┌──

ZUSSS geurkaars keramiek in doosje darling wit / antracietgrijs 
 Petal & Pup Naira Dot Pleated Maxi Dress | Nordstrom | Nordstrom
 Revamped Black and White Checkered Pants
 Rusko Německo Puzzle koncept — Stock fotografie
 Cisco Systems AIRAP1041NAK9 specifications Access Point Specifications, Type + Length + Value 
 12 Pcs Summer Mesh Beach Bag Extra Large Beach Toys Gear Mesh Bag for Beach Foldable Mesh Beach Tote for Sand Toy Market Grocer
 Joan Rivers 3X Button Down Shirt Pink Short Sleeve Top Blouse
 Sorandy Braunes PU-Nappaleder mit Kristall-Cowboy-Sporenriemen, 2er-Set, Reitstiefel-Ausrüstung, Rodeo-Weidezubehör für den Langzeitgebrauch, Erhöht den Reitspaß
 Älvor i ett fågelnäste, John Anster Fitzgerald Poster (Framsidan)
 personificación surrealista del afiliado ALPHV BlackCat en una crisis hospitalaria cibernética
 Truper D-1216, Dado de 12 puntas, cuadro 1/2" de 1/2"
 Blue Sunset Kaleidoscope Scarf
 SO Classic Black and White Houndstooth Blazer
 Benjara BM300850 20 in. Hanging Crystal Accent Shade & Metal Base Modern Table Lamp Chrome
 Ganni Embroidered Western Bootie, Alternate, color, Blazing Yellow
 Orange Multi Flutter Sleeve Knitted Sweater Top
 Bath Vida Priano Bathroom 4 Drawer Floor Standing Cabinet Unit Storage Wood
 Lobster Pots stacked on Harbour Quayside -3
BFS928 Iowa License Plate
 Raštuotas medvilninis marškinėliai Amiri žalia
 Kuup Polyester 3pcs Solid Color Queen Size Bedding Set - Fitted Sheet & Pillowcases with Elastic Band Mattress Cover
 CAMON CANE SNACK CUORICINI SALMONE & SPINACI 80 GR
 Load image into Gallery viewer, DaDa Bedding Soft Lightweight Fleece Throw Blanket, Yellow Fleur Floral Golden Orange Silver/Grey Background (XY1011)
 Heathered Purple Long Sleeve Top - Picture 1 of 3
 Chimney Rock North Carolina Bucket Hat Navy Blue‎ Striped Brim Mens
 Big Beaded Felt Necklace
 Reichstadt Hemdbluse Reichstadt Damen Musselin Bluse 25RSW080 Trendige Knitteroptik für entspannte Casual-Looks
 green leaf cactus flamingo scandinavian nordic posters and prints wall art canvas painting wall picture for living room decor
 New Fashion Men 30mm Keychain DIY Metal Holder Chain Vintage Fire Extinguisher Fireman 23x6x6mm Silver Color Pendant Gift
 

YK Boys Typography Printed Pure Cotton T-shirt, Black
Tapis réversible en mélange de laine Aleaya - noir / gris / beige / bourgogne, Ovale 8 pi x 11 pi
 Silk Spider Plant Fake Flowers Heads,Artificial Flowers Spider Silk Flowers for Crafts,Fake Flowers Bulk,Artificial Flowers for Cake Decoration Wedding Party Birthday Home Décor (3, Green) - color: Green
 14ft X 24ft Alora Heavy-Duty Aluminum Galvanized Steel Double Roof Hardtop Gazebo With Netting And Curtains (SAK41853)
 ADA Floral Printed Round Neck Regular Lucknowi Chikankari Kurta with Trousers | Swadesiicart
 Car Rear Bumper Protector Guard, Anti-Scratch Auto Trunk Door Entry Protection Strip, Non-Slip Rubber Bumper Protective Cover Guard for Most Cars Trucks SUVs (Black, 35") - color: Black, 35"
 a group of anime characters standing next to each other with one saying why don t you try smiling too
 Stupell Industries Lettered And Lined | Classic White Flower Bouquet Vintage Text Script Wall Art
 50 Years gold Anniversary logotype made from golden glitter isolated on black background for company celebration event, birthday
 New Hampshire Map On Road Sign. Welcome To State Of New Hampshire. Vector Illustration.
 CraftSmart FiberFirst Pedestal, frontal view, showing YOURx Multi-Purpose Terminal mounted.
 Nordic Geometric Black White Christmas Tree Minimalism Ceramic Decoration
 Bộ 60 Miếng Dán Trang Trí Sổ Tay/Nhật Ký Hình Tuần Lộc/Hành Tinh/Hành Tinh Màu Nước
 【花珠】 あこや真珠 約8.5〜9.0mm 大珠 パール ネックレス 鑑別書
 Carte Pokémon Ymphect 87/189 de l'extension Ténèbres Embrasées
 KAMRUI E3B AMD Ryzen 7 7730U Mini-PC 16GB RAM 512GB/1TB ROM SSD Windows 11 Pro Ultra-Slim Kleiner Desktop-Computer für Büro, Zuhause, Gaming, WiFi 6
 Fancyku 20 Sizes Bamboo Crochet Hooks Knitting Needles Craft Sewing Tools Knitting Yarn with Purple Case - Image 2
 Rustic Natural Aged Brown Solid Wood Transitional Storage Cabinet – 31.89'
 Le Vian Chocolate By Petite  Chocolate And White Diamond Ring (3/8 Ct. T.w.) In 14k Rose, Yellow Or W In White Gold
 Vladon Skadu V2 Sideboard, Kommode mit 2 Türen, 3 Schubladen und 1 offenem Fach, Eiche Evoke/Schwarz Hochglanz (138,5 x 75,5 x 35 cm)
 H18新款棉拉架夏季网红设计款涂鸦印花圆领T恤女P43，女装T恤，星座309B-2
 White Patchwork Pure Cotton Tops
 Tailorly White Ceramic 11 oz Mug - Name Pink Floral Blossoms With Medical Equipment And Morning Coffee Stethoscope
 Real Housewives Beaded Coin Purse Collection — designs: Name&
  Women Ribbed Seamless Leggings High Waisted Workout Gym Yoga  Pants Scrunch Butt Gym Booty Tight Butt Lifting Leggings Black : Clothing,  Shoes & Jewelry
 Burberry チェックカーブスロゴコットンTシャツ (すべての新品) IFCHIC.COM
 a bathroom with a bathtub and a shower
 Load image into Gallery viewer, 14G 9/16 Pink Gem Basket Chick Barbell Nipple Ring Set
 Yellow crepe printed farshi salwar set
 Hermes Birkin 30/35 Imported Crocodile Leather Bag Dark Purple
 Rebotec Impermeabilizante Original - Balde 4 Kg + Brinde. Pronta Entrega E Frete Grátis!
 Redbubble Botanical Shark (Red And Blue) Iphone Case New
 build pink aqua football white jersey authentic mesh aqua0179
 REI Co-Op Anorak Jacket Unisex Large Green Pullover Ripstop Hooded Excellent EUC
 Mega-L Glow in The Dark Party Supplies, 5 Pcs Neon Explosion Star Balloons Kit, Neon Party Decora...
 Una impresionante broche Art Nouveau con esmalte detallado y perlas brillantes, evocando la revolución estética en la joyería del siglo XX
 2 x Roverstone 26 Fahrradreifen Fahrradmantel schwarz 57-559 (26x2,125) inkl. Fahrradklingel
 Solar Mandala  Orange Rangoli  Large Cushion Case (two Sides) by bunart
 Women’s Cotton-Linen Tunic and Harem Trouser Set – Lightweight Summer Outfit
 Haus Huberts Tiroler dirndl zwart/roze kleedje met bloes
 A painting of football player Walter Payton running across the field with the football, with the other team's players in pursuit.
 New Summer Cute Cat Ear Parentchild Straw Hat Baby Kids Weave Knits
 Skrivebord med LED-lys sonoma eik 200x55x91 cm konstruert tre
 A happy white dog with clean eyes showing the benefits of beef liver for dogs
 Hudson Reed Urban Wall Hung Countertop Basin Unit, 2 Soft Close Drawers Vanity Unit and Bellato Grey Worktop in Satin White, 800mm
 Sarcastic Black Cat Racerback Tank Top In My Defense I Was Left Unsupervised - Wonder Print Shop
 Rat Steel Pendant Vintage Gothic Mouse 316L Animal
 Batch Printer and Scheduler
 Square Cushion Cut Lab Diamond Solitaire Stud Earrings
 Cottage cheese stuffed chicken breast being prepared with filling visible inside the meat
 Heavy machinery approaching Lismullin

└──

**Requirement**
Copy out, exactly and alone, the lines of the entries above between the ones holding "Car Rear Bumper" and "New Hampshire Map", inclusive.

**Solution to the exercise**
 Car Rear Bumper Protector Guard, Anti-Scratch Auto Trunk Door Entry Protection Strip, Non-Slip Rubber Bumper Protective Cover Guard for Most Cars Trucks SUVs (Black, 35") - color: Black, 35"
 a group of anime characters standing next to each other with one saying why don t you try smiling too
 Stupell Industries Lettered And Lined | Classic White Flower Bouquet Vintage Text Script Wall Art
 50 Years gold Anniversary logotype made from golden glitter isolated on black background for company celebration event, birthday
 New Hampshire Map On Road Sign. Welcome To State Of New Hampshire. Vector Illustration.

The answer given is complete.